The standalone editor benchmark app tried to "prefer live rows" by mapping live results onto the frozen snapshot table with row-id replacement.

That was wrong.

The frozen snapshot rows used ids like mixed-core-mount. The live contract rows used ids like 01_ready-empty and 10_type-middle.

Those are different benchmark registries, not two copies of the same row set.

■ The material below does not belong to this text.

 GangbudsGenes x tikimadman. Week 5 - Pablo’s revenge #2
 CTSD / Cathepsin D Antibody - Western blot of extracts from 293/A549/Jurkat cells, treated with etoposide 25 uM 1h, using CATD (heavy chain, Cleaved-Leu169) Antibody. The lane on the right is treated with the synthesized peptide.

The result was predictable garbage:

  • the viewer filtered live rows through snapshot-only row ids
  • the table could go blank even though live results existed
  • fixture counts and active-lane chips drifted from the visible table

At the same time, the first Playwright runner used Promise.race(...) timeouts around page.evaluate(...) without isolating lanes. When one benchmark timed out, the underlying page evaluation kept running and poisoned the rest of that target run.

What fixed it

  1. Treat live and snapshot rows as separate row universes.
    • keep live contract lanes as their own rows
    • keep frozen snapshot rows as their own rows
    • union them in the viewer instead of pretending their ids are compatible
  2. Compute active row ids as a union of:
    • snapshot rows allowed by the selected profile/environment
    • live rows only when the live artifact matches the selected profile/environment
  3. Derive active fixtures from those active row ids instead of from one assumed row registry.
  4. Isolate timed Playwright lanes in separate pages.
    • open a fresh page per benchmark
    • close that page after the lane finishes or times out
    • do not assume Promise.race cancels page.evaluate
  5. Register render waiters before firing benchmark state changes.
    • if the shell records waitForRender() after setState(...), a fast render can beat the waiter registration and hang the benchmark forever
  6. Use per-lane sample counts and timeout budgets.
    • small lanes can afford multiple samples
    • heavy 10k rich-markdown lanes may need one honest sample instead of five fake timeouts

Reusable rule

For benchmark tooling:

  • a live artifact is not a drop-in replacement for a frozen snapshot unless the row ids are literally the same contract
  • if two result sources use different benchmark ids, render them as separate rows or explicitly normalize them first
  • Playwright timeout races must isolate or kill the page doing the work, or one timed-out lane will contaminate the next one

If the viewer "prefers live rows" by id-mapping two different registries, or the runner times out a page.evaluate without closing that page, the benchmark tooling is lying.